Prompt - Which lines in the data contain the word "bright"? Please copy each of them.

Data for the task -
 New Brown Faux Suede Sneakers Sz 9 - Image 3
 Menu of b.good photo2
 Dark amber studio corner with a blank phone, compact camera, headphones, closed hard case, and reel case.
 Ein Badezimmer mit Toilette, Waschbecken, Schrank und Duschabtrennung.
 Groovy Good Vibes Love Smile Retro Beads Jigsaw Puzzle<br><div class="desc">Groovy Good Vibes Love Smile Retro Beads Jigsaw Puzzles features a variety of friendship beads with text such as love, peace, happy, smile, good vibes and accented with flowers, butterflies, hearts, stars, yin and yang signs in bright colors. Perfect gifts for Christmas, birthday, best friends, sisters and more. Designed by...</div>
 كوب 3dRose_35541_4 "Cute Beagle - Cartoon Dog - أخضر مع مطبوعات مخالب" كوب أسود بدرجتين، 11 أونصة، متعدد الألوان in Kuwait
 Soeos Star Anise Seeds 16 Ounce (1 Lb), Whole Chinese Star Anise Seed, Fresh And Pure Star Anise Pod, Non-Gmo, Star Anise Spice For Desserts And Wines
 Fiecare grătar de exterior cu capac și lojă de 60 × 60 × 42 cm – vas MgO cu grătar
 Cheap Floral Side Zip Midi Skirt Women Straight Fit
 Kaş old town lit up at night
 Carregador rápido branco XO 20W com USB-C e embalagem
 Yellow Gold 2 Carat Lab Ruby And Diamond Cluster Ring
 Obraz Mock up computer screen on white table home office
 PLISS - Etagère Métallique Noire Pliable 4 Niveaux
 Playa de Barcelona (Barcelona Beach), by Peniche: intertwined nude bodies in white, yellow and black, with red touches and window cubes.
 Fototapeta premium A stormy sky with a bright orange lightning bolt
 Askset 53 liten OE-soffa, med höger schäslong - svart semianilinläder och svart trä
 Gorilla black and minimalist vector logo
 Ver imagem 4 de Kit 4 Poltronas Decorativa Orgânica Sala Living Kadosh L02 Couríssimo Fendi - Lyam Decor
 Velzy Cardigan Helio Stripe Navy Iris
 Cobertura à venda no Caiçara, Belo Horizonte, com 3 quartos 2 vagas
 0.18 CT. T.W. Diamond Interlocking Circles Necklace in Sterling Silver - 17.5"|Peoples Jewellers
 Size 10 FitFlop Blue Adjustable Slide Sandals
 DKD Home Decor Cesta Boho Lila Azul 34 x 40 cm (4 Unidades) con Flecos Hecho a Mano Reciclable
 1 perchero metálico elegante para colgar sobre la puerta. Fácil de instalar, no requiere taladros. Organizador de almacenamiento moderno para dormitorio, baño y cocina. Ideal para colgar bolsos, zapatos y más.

Answer to the problem -
 Groovy Good Vibes Love Smile Retro Beads Jigsaw Puzzle<br><div class="desc">Groovy Good Vibes Love Smile Retro Beads Jigsaw Puzzles features a variety of friendship beads with text such as love, peace, happy, smile, good vibes and accented with flowers, butterflies, hearts, stars, yin and yang signs in bright colors. Perfect gifts for Christmas, birthday, best friends, sisters and more. Designed by...</div>
 Fototapeta premium A stormy sky with a bright orange lightning bolt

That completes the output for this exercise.